Fragments

Sylvain Émard Danse: Fragments Volume 1

Mid-way through Fragments – Volume 1, I began to worry about choreographer Sylvain Émard’s state of mind. The work seemed so gloomy and bleak. A post-show talk revealed that his starting point for each of this series of short pieces was to ask the dancer what was most urgent in their lives right now. He built each dance around their answer.

For Catherine Viau, it was the feeling of being out of control in your life. Émoi, émoi, reprised here by Kimberley de Jong, is danced within horizontal planes of light, suggestive of an interior space, to a techno-industrial score by Michel F Côté. It’s part film noir, part sci-fi thriller as de Jong explores the limits of the environment, long limbs flashing through the dimness. You get the sense that she is seeking something within herself as she creeps and spins, kicks and pivots. De Jong is a graceful and skilled dancer but the choreography is technique-heavy with only occasional flashes of brilliance.

Monique Miller, a renowned actress in Quebec, was persuaded by Émard to make a piece called Absence, which she says is inspired by the absence of love in plays by Eugene O’Neill and Arthur Miller. Yet those plays are full of feisty women and it’s a shame that Miller isn’t given the chance to connect with the audience or express loneliness more powerfully than in this spare and delicate piece. There are some poignant moments – on a chair, her feet gently tapping to an inner rhythm, or folding herself into a ball, while breathy jazz saxophone plays and a lonely hearts text is read. It is always great to have older people on stage and hers was a dignified performance. Some challenge would have been refreshing and perhaps engaged the heart more fully.

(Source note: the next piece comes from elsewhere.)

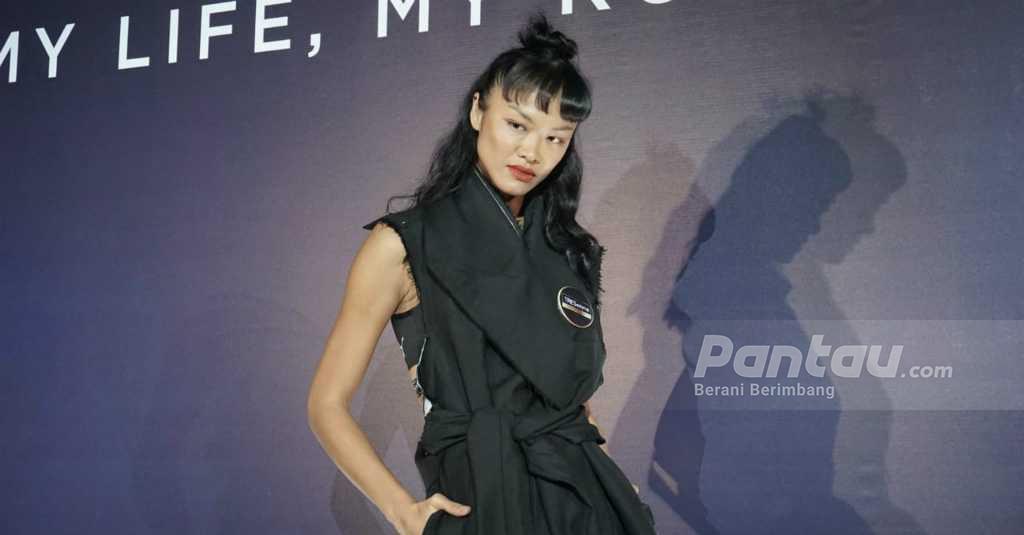 Meski Harus Encok Hingga Terkilir, Kelly Tandiono Senang Main Film Action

Bicephale means double headed, and in the third Fragment, dancers Manuel Roque and Georges-Nicolas Trembly (his first time in the role) are two creatures having to determine their territory in order to survive. That sounds like relationship trouble to me, and in this longer piece the pair confront each other in a dynamic dance of pull and push, with twists, leaps and holds in a struggle for power, or perhaps for reconciliation. This is physique-led dance, showing off the body and testing its limitations. After an effective start – two backlit shapes slowly morphing into hipsters, hands stuck in pockets – it becomes rather worthy and repetitive. German composer Jan Jelinek’s score is all hiss, rumble and buzz, atmospheric but oppressive. Lighting design, for the whole show, is by André Rioux, and most effective in the first piece where it really shapes space.

Émard is a clearly capable choreographer but this was a well-produced, beautifully danced programme that twinkled rather than dazzled.

Dans mon jardin, a fourth solo dance, was skipped due to injury. The programme translates a song from it; ‘My garden was graced with swallows, poppies and butterflies. Now there are practically none left.’ Maybe Fragments – Volume 2 will be the sunny, second album.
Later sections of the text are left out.